A member's bill to increase the penalties for dog owners whose pets chase, attack or kill farmed animals will require significant amendment and clear guidance as to how it will work in practice if it is to meet its aim, a Holyrood committee has reported.

In its stage 1 report on the Dogs (Protection of Livestock) (Amendment) (Scotland) Bill, the Rural Economy & Connectivity Committee supports the general principles of the bill, but expresses concerns about the effectiveness of the enforcement and prosecution provisions and the lack of clarity around the practical application of the legislation.

Introduced by Emma Harper, SNP member for the South of Scotland, the bill would provide additional powers for the investigation and enforcement of "livestock worrying" offences and increase the maximum penalty to six months’ imprisonment, a fine of £5,000, or both.

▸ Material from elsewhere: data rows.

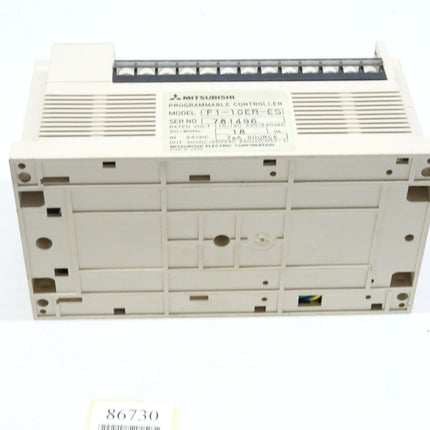 Mitsubishi Programmable Controller F1-10ER-ES 18VA 7mA source - Maranos.de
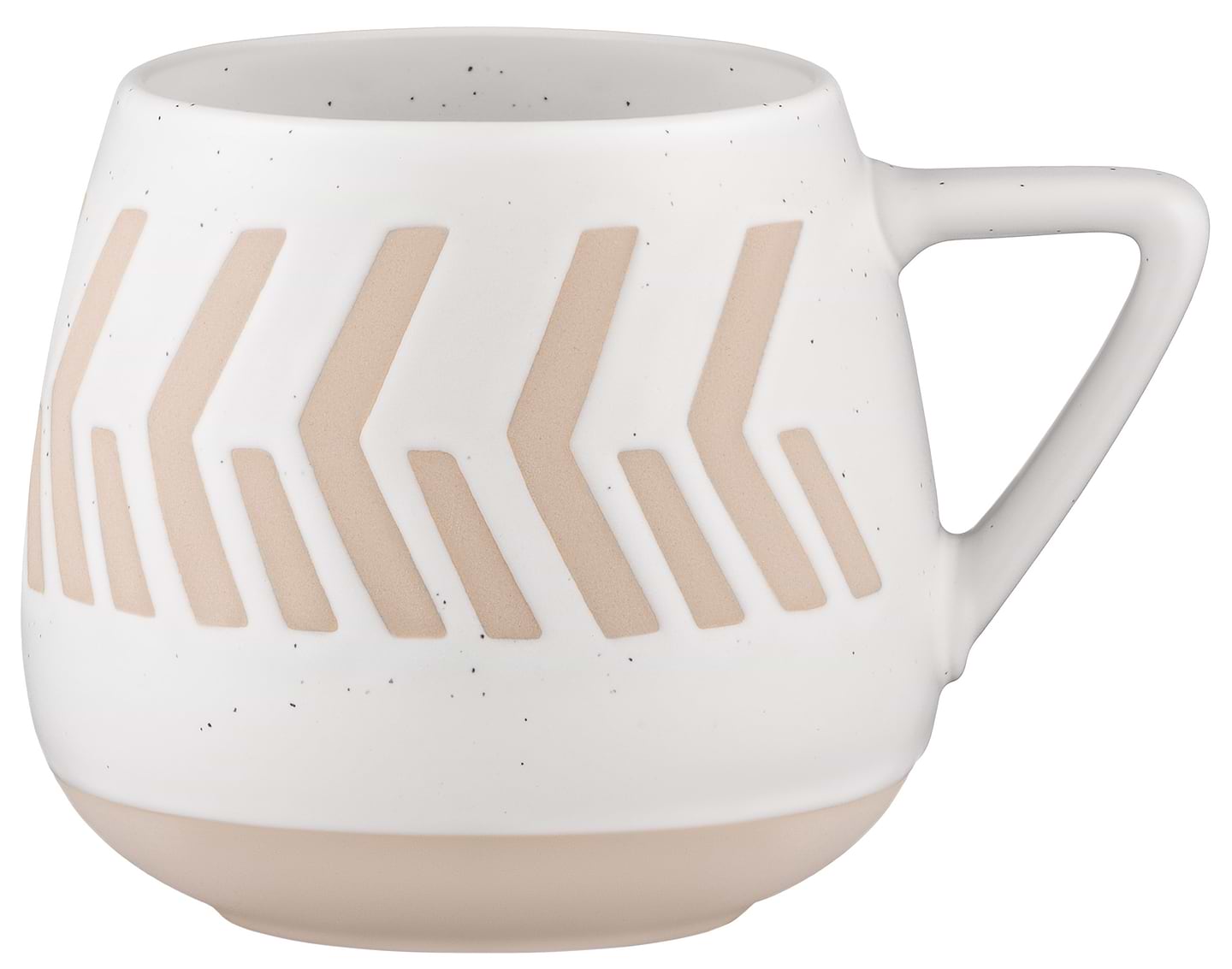 Чашка Ardesto Auro 440 мл White (AR3032) - Фото 1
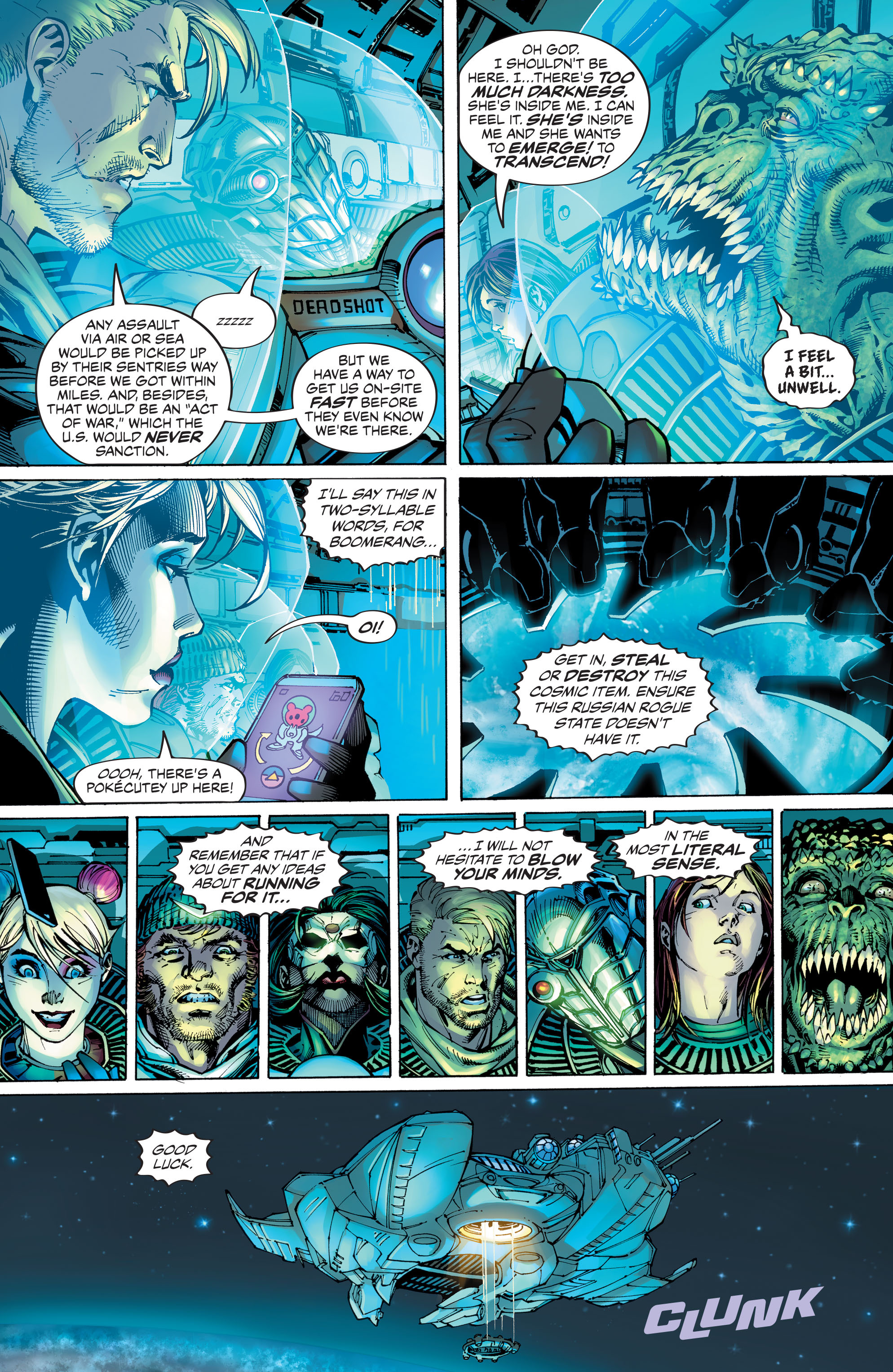 Read online Suicide Squad (2016) comic -  Issue #1 - 10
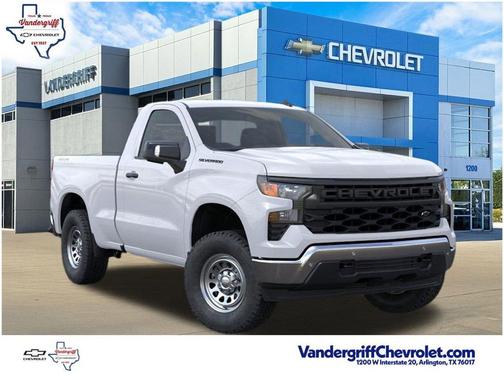 2026 Chevrolet Silverado 1500 WT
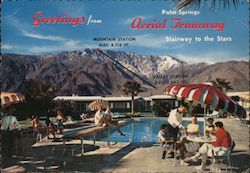 Aerial Tramway Palm Springs, CA Postcard Postcard Postcard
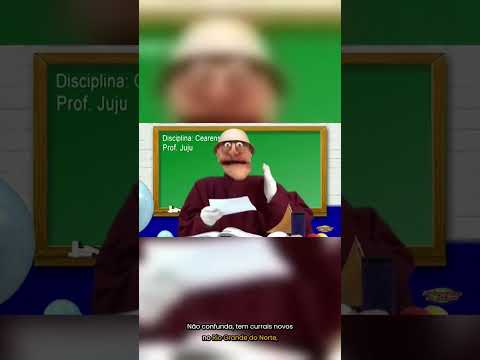 A aulinha que veio do Piauí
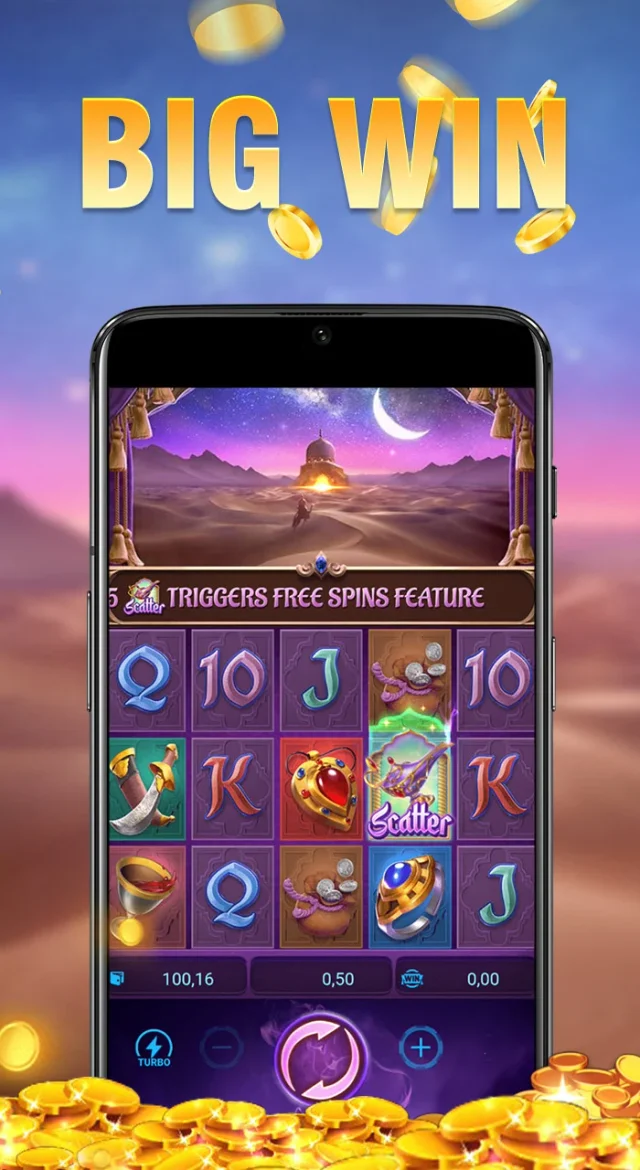 Genie Magic 777 Slots - Screen 4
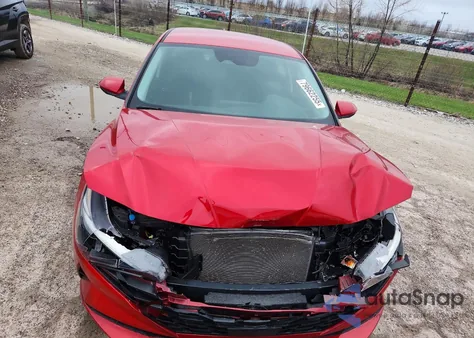 2022 Hyundai Elantra Sel z USA, uszkodzony, nr VIN 5NPLS4AG4NH081444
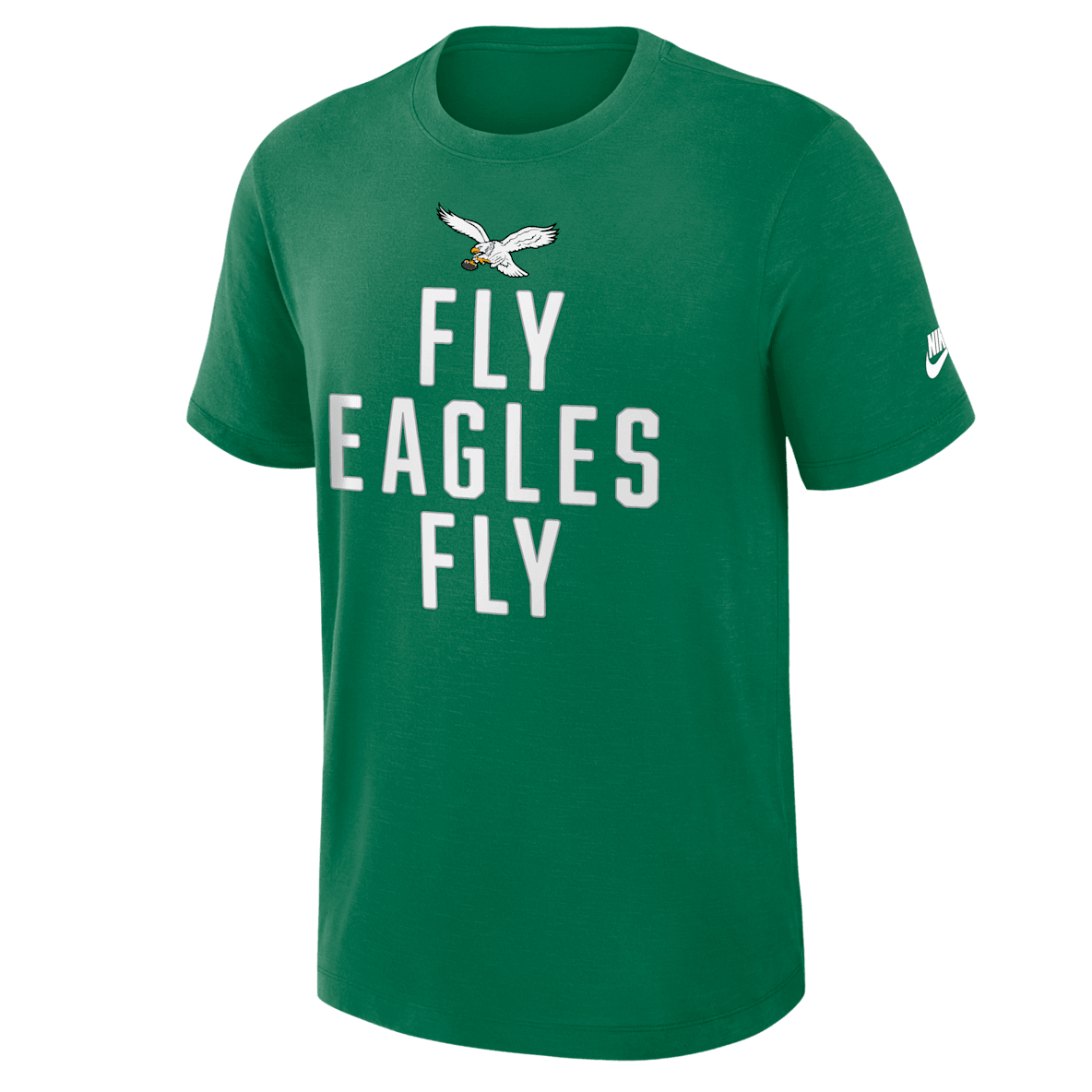 Philadelphia Eagles Direct Handoff Rewind Slub Philadelphia Eagles Direct Handoff Rewind Slub Men's Nike NFL T-Shirt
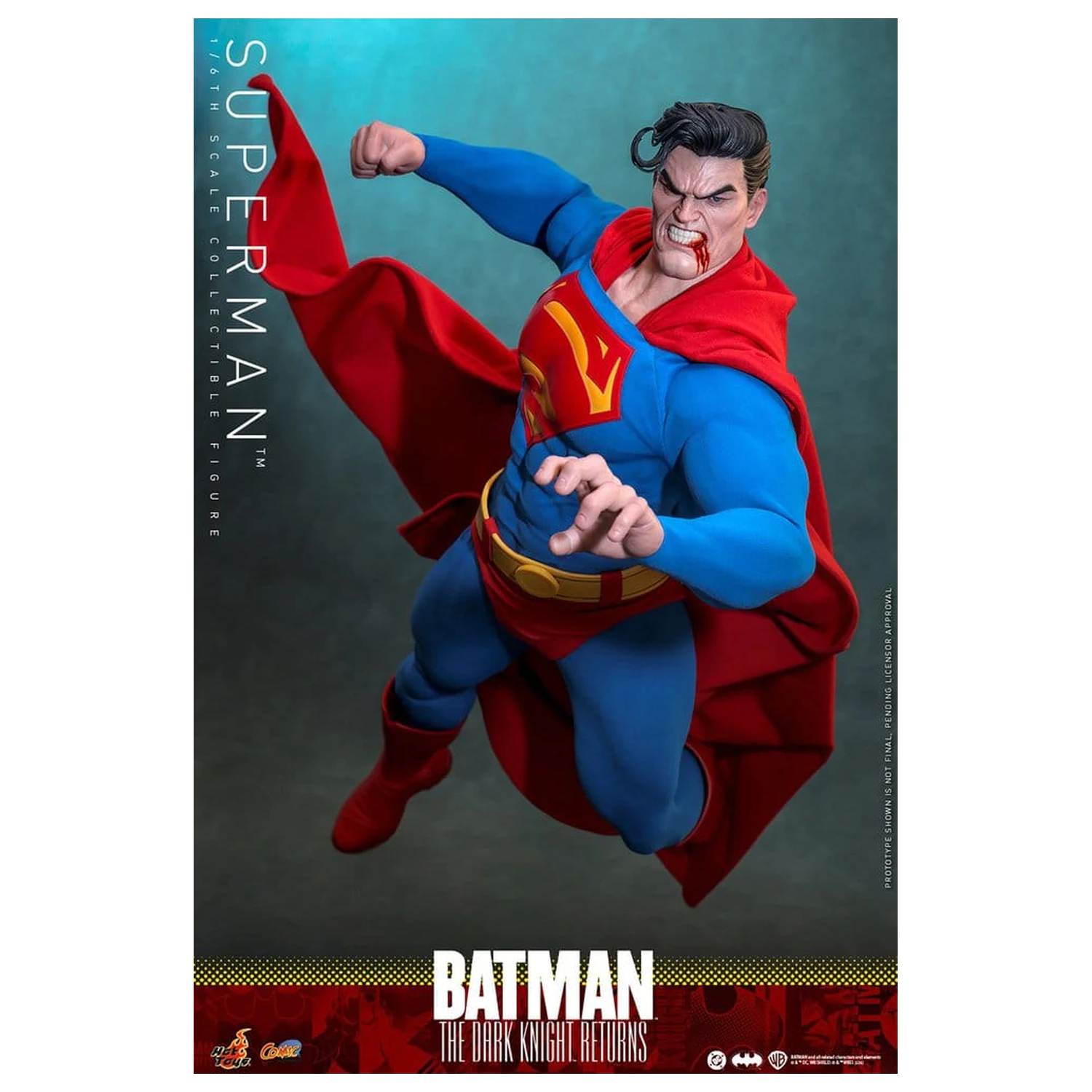 Batman: The Dark Knight Returns Comic Masterpiece figurka akcji 1/6 Superman 34 cm zdjęcie produktu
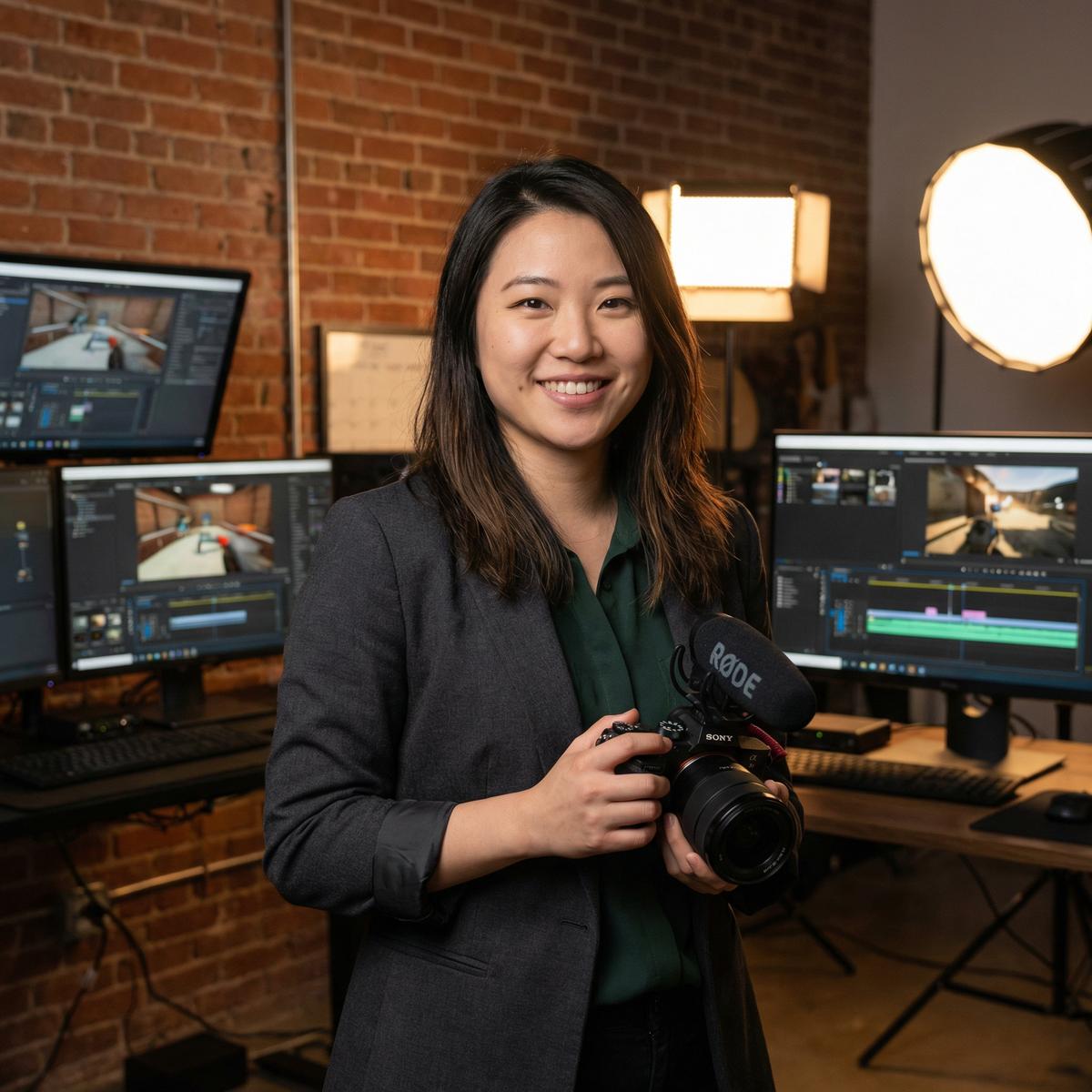 抖阴视频制片人林小雨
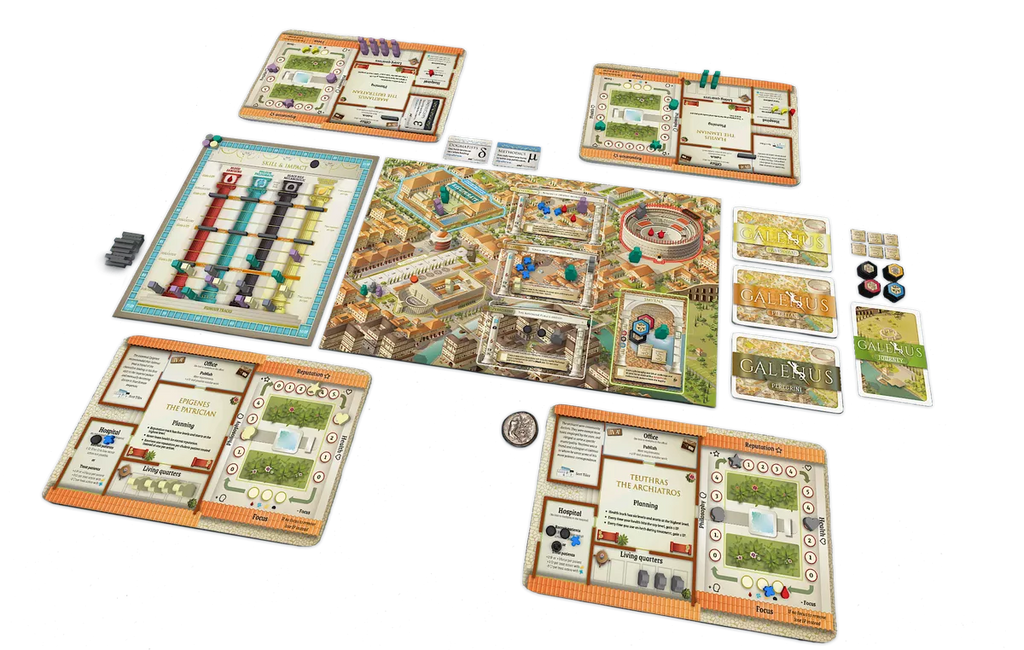 Galenus Board Games Ion Game Design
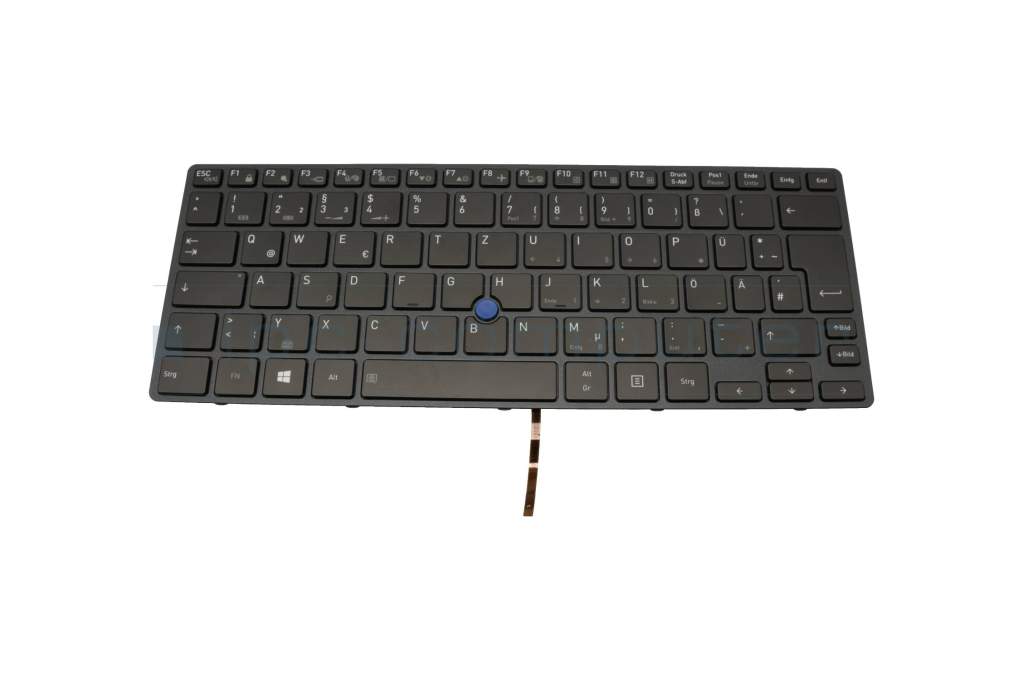 Toshiba laptop keyboard problems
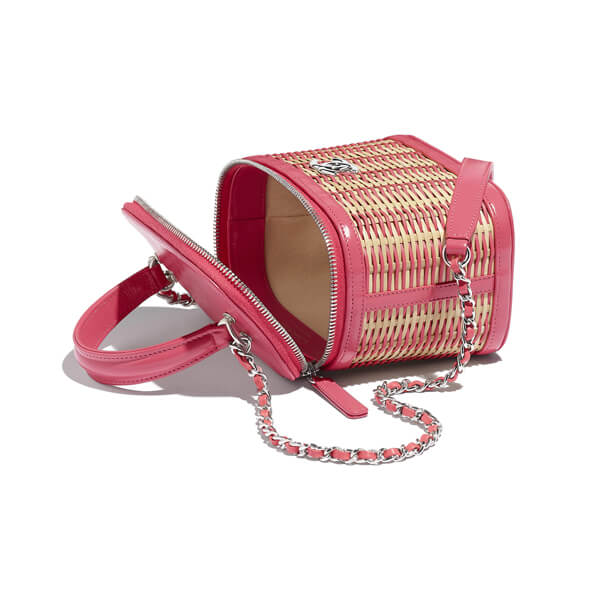 【20cruise新作】シャネル ヴァニティーケース コピー スモール(pink)AS1352 B01919 N5567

The committee reports that while higher penalties may be justified, it is unconvinced that increased sentencing powers alone would act as a deterrent, and questions whether the measures relating to compensation for livestock owners are necessary given existing remedies available to the courts.

It also notes evidence that the proposed disqualification orders on convicted persons from owning or keeping a dog, or taking a dog on to land where livestock may be present, may be incompatible with the European Convention on Human Rights, and calls for clarification as to how these orders would be applied, enforced and monitored.

The report further considers that proposals to grant the police the power of entry, search and seizure without a warrant when cases of livestock worrying are being investigated should be removed, due to very real concerns about the necessity and legality of such a power. It also calls for the removal of provisions to allow the creation of new inspection bodies, as it considers that responsibility for dealing with offences should lie only with the police.

Committee convener Edward Mountain MSP commented: "In principle the committee is supportive of new legislation which would introduce tougher enforcement powers and increase penalties for livestock worrying, as dog attacks can cause suffering to farm animals and significant financial cost to farmers. However, the evidence from stakeholders has highlighted a number of areas in the bill on which the committee considers more clarity and/or amendment is needed to assist in achieving its objectives and making it as effective as possible. 

"In particular, our report raises concerns about the lack of clarity around the intent, appropriateness and practical application of several of the enforcement and prosecution provisions in the bill. We have also called for the specific proposals to create new inspection bodies and those to grant the police the power of entry, search and seizure without a warrant in cases of livestock worrying to be removed from the bill.

"We have asked the member in charge to work with Scottish Government to address these issues in order to ensure that this legislation can complete its passage before the end of the current parliamentary session."